Bıraksan önce gitarını kafasında kıracak, sona katran ve tüye bulayacak, en sonunda da Malta’ya sürecekler adamı.
Öyle bir Müge Anlı özgüveni, Seda Sayan atardamarı, Demet Akalın intikamcılığı, Esra Erol gerginliği içerisindeler.
Duyan o rock şarkıcısını yıllardır tanıdıklarını, onunla yazlıkta okey çevirdiklerini, evinde karısıyla ne yaşıyor, anbean haberdarlar olduklarını sanır.
Dayanamayıp “Kardeşim, adam rock grubu solisti. İsyankârlığıyla ünlü. Mecbur mu size ailenizin sanatçısı ayağı çekmeye?” diyecek oluyorum…
Sonra vazgeçiyorum. Çünkü birden anlıyorum kim olduklarını.

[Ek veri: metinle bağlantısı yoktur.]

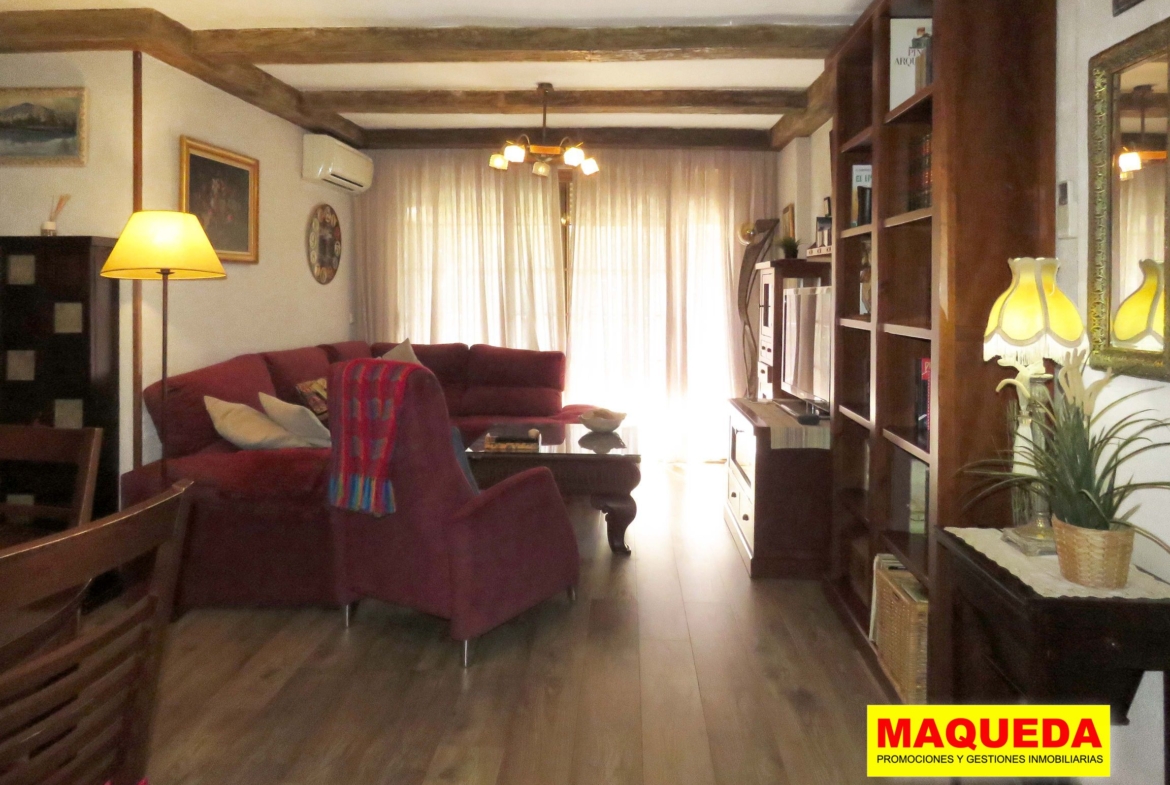 Salón con muebles, vigas y suelos de madera, con puerta de la terraza al fondo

Onlar, vitrinde romanı görünce birbirlerini dürtükleyip “Bak kız, Aşk-ı Memnu’nun kitabı da çıkmış!” diyenler.
Onlar, “Feys” sayfalarına her gün “Bıktım bu teknolojik ortamlardan, alıp başımı gitmek istiyorum!” yazanlar.

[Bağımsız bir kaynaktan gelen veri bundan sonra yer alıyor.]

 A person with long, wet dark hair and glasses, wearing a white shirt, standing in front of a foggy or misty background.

Onlar, fal manisi tadında vecizeleri altında Cemal Süreyya (çift y ile tabii), Can Yücel, Can Dündar imzalarıyla paylaşanlar.
Onlar, rol modeli olarak kendilerine televizyona en çok kim çıkıyorsa onu seçmek isteyenler.
Onlar, dizisi yoksa bir kitabı, dizide oynamıyorsa bir oyuncuyu, dizide çalmıyorsa bir şarkıyı yok farz edenler.
Onlar, farkındalığa sahip olmadan büyümüş, egosuna mukayyet olamayan yeni çağ çocukları…
Onlar, televizyon yarışmalarında takıp takıştırdıktan sonra birbirlerine çemkirirken gördüklerimiz….
Onlar, birbirlerini ne marka giydiği, hangi parfümü kullandığı, ne kadar zengin sevgili yaptığıyla değerlendirenler…
Onlar, erkeğin sadece ve sadece güçlü olanını sevenler. “Güç” deyince de tabii parayı anlayanlar…
Onlar, karşı cinsin sırf kendilerine hizmet etmek ve saçma sapan kaprislerine katlanmak için dünyaya geldiğine inananlar…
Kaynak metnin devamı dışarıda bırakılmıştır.